Archive for the ‘Various Frustrations’ Category

Announcing tmdiff

For all I know this already exists and I just was unable to google it up. Assuming it doesn’t, tmdiff allows you to perform a command line diff on a text file against a time machine version.

Repo: https://github.com/erica/tmdiff

Usage:

Usage: tmdiff (--list)
       tmdiff [offset: 1] path

The list option just lists the dates for the backups in reverse chronological order. Supply a path to diff, e.g.

tmdiff Style600-Control\ Flow.md

It defaults to using the “but last” backup offset of 1. If you want to use the most recent backup, use 0 instead, or any number moving further back in time as the value increases:

tmdiff 0 Style600-Control\ Flow.md
tmdiff 3 Style600-Control\ Flow.md

I hope this is handy for someone out there on the opposite side of the Intertube, especially since version control is baked into stuff like TextEdit. Do let me know if you use it.

Update: See also github.com/erica/tmls and github.com/erica/tmcp. The former runs ls, complete with arguments. The latter performs a nondestructive copy with the Time Machine date appended.

How to add a bookmark in Sierra Safari

I’ve been super-frustrated trying to use ⌘-D to add bookmarks ever since I installed Sierra. The browser only wants to add my bookmarks to existing folders. I, on the other hand, want my bookmarks to go to the main list until I have time to weed and sort them.

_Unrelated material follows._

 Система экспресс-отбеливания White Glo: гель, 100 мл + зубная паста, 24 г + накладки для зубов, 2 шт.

This morning, I finally found out how to save bookmarks to the Bookmarks list in Sierra:

  1. Hover your mouse over the left side of the URL bar (aka the smart search field). A circled ⊕ appears.
  2. Do not click it. If you do, you’ll just add the page to the reading list. Instead, click-and-hold until a contextual menu appears.
  3. Now move the cursor down to “Bookmarks” and click there.

safariscreensnapz001

Yeah, it’s a lot stupider than just typing ⌘-D, but at least it works the way you expect. If bookmarks and ⌘-D are working right for you, please let me know. I can’t think of anything I might have done to mess up Safari but at least it will be a data point to help.

The unbearable Swiftness of web search

Swift proposal SE-0086 removed the NS prefix from many types in the Swift Foundation library. In doing so, it moves Swift away from its Cocoa roots to establish a cleaner language palette to work with. Swift adheres to a philosophy that type names should be clear, consise, and without needless prefixes.

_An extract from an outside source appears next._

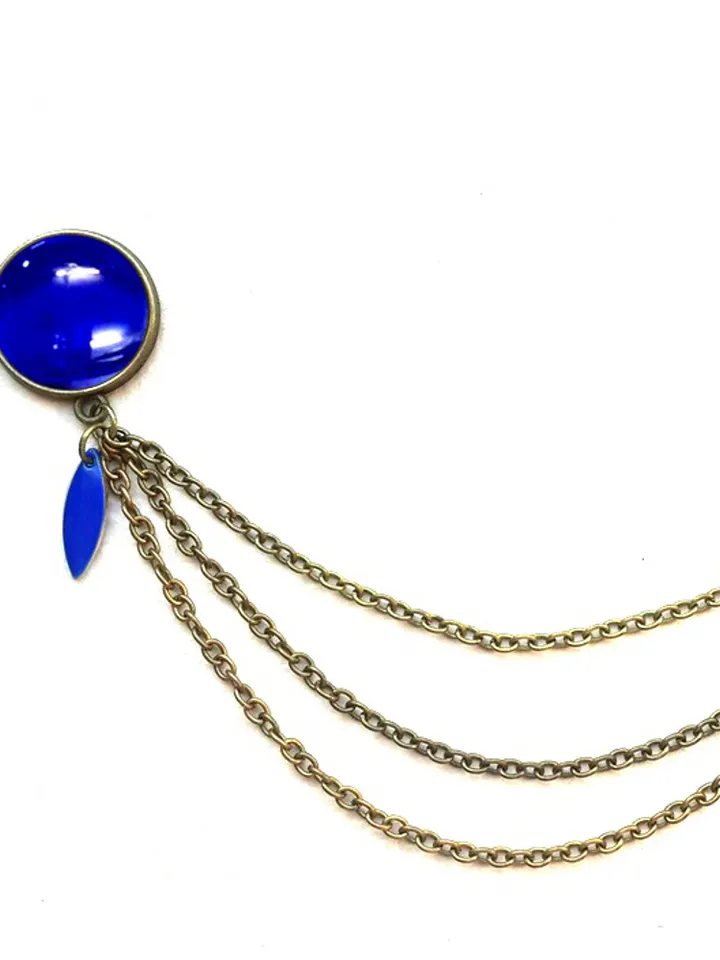 Royal Blue Brooch, Blue Collar Pin with chain and charm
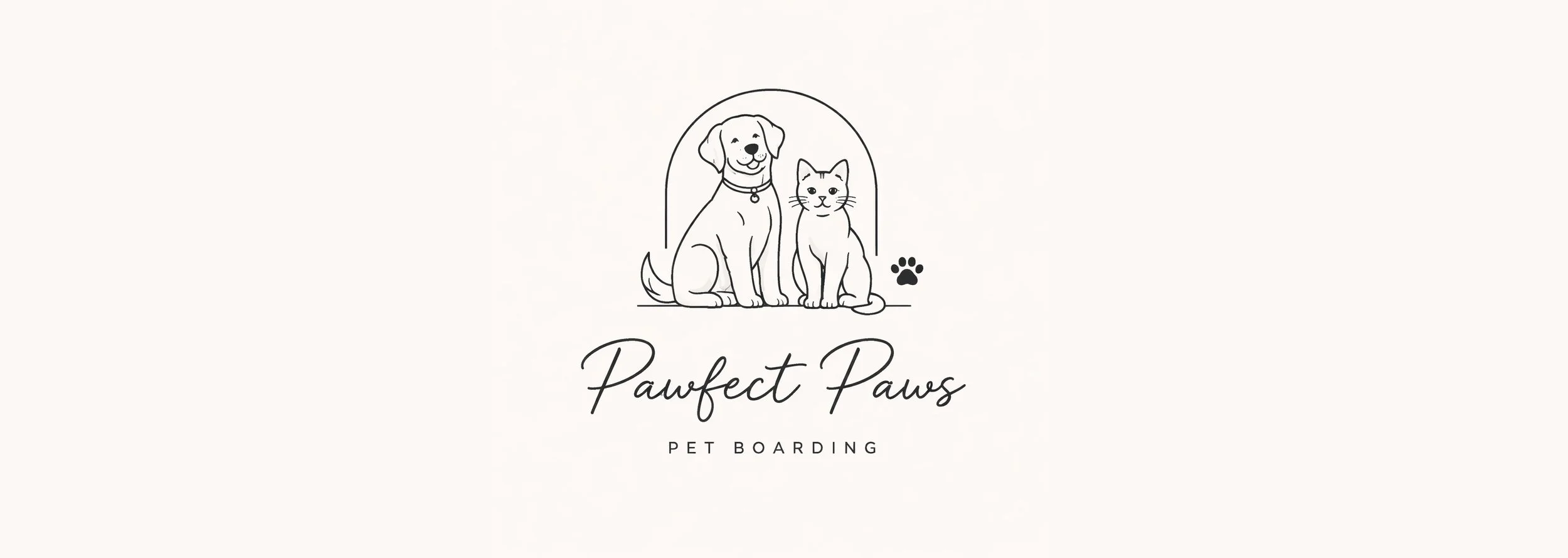 Logo for Pawfect Paws pet boarding featuring a line drawing of a dog and a cat sitting side by side with a paw print, and the text 'Pawfect Paws Pet Boarding'.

The result are names that are intuitively obvious, easy to understand, and a real pain to search for. If you thought tracking down information on Swift filters, conversions, mapping, strides, streaming, and notifications was hard, then you may appreciate what it’s like to search for Swift Bundle, Operation, Process, or Thread.

Swift (the language) is now gaining sufficient traction that searches are far more responsive for programming than they used to be. Still, it  helps to throw in an extra word or two like codesample, or type to focus your search. You may also want to limit searches to, for example, “site:apple.com”.

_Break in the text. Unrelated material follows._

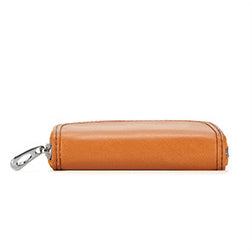 Men Solid Leather Zip Around Wallet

And, yes, you can always pick up one of those Swift Calendars and read about Swift Dates. Swift wasn’t named after a certain pop star. It just sometimes acts like it was.

p.s. For Dave Abrahams: COW optimization.

When did Ikea ditch the sunshine, rainbows, and unicorns?

The new Ikea catalog arrived yesterday. Is it me or have they turned over their design to some crazed Swedish goth intern? My new catalog feels more Hitchcock and “Vogue Editorial” than “Affordable purchases for people who wish they could fix their out-of-control lives.”

Ikea’s gone from cute girls in a colorful apartment (top, 2015) to psychotic butcher knives that think they’re actually vegetables (check out that shadow) and this recurring weird backdrop thing, which makes me think they couldn’t afford an editor to crop the photos properly (bottom, 2016).IMG_1527

Suddenly, they’ve transitioned from simple product images inspiring you to simplify and organize  your life to a kind of nightmare clutter scenario where all reason has fled and you apparently must buy every product available from the company and store them in the open without drawers, cupboard doors, or any break in sanity.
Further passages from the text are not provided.